341 S.W.2d 57 | Ark. | 1960
This appeal must be dismissed because the case is now moot.
On July 25, 1960 the employees of Baldor Electric Company (represented by Local Union No. 700 IBEW) went on strike; and the Baldor plant was picketed. When Baldor rented office space in the First National Bank Building in Fort Smith and undertook an employment campaign, the bank building was picketed. On August 11, 1960 the First National Bank of Fort Smith applied to the Sebastian Chancery Court and obtained an injunction against the picketing of the bank building. On the same day Baldor Electric Company applied to the Sebastian Chancery Court and obtained an injunction which, under certain circumstances, enjoined picketing at the Baldor plant. The defendants in the two chancery cases were the officers and representatives of the Local Union whose members were on strike; and they are the appellants in this Court. From the order of the Sebastian Chancery Court granting a temporary injunction in each of the cases, there were immediate appeals to this Court; and on August 12, 1960, while the Court was in recess, one of the Justices made an order which stayed in whole or in part the Chancery Court injunctions until the cases could be heard by the entire Court. On September 12, 1960, this Court, being reconvened, entered an order continuing the temporary stay until the causes were reached on the merits; and that time has now arrived.
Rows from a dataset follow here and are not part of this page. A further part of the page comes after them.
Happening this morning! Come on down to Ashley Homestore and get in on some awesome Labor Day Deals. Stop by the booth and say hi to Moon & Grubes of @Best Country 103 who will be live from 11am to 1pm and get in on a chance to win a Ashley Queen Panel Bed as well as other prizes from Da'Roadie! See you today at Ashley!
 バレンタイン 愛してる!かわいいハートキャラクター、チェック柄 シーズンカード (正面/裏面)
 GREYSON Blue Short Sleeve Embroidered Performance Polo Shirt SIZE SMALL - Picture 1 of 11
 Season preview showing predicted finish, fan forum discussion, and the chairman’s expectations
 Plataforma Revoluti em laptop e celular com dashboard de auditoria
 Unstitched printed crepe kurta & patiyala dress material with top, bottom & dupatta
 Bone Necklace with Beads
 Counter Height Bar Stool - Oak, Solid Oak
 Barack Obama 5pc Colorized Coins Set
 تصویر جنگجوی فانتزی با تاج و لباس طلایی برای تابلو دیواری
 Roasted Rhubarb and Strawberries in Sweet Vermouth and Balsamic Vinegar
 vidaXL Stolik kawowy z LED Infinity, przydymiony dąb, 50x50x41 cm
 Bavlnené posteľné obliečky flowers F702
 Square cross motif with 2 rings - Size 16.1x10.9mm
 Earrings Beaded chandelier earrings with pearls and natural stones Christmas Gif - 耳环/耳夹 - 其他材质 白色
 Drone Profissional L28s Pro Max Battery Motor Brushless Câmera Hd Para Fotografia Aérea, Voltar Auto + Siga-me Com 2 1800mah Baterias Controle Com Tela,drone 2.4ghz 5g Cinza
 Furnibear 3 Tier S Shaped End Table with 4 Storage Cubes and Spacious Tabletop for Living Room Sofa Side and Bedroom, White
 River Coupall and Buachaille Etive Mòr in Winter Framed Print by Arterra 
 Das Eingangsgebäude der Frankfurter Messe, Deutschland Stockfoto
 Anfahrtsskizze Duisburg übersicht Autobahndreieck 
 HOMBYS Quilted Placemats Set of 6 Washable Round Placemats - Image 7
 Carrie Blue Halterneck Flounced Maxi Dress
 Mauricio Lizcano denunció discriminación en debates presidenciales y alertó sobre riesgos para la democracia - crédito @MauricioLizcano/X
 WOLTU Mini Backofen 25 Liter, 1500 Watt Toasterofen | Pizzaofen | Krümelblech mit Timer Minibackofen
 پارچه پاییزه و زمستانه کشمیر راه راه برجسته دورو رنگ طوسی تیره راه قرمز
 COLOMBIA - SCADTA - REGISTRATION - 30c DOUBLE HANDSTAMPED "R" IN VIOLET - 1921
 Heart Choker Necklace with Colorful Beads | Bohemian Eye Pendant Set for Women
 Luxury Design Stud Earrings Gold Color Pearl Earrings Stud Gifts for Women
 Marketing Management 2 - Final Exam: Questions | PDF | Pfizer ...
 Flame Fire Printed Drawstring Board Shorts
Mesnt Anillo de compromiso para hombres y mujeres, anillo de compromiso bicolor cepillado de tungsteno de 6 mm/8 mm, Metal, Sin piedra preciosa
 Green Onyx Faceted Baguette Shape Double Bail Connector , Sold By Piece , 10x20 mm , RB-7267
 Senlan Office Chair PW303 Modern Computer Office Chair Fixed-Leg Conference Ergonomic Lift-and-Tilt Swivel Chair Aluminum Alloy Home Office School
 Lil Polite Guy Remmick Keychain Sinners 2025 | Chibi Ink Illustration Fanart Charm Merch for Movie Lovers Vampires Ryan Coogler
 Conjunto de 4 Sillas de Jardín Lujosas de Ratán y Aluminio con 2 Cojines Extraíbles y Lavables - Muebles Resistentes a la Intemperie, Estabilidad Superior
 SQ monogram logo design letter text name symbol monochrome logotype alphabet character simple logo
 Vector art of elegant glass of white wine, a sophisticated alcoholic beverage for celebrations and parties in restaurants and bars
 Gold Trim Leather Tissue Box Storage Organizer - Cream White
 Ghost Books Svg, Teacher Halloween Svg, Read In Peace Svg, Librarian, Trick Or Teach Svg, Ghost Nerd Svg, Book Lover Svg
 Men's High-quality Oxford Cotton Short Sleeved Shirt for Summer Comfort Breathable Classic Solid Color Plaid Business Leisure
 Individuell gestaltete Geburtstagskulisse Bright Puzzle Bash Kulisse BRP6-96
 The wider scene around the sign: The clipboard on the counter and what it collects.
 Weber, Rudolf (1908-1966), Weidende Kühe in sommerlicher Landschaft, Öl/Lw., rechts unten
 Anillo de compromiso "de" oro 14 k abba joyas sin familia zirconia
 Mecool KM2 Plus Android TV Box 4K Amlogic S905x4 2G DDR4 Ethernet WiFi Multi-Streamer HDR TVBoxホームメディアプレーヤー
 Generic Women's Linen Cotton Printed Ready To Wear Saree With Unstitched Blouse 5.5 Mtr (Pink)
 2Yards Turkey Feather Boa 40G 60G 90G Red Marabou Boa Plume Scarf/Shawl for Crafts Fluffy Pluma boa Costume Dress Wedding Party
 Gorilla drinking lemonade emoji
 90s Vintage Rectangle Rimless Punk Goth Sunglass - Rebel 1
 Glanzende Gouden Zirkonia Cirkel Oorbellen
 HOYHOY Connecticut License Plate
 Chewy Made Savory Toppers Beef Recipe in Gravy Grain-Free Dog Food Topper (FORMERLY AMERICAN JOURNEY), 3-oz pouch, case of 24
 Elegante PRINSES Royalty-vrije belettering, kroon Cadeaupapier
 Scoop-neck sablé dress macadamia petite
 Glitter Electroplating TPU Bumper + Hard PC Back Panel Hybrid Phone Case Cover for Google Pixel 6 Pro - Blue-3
But since the appeal to this Court on August 12, 1960 events have transpired which render this appeal moot. On September 5, 1960, by stipulation of all parties, the appeal of the First National Bank was dismissed ; and now, upon submission of the Baldor Electric ease, it is conceded that the strike has been settled. The appellant’s brief contains the following paragraph:
“While this case was pending on appeal the labor dispute existing between Baldor Electric Company and the members of Local Union No. 700 terminated and the pickets have been voluntarily withdrawn from the employer’s premises.”
The quoted statement is not denied; so our holding in Local Union No. 656 v. Mo. Pac. R. R. Co., 221 Ark. 509, 254 S. W. 2d 62, is ruling here. In that case there was an injunction against picketing in a labor dispute and while the appeal was pending in this Court the strike was settled. In dismissing the appeal as moot, we said:
“It is alleged, and the appellants concede, that the strike against Dixie Cup has now been settled. Thus there is no longer any occasion for picketing or any controversy between the parties to this appeal. In these circumstances neither an affirmance nor a reversal of the decree would have any practical effect except as it might affect the matter of court costs, which is not alone a sufficient issue to call for a decision in an otherwise moot case. Quellmalz Lbr. & Mfg. Co. v. Day, 132 Ark. 469, 201 S. W. 125. We think the case at bar falls within the rule announced in Kays v. Boyd, 145 Ark. 303, 224 S. W. 617: ‘It is the duty of this court to decide actual controversies by a judgment which can be carried into effect and not to give opinions upon abstract propositions or to declare principles of law which cannot affect the matter in issue in the case at bar.’ ”
It, therefore, follows that this case has become moot and the orders heretofore made are set aside, and the appeal is dismissed at the cost of the appellants.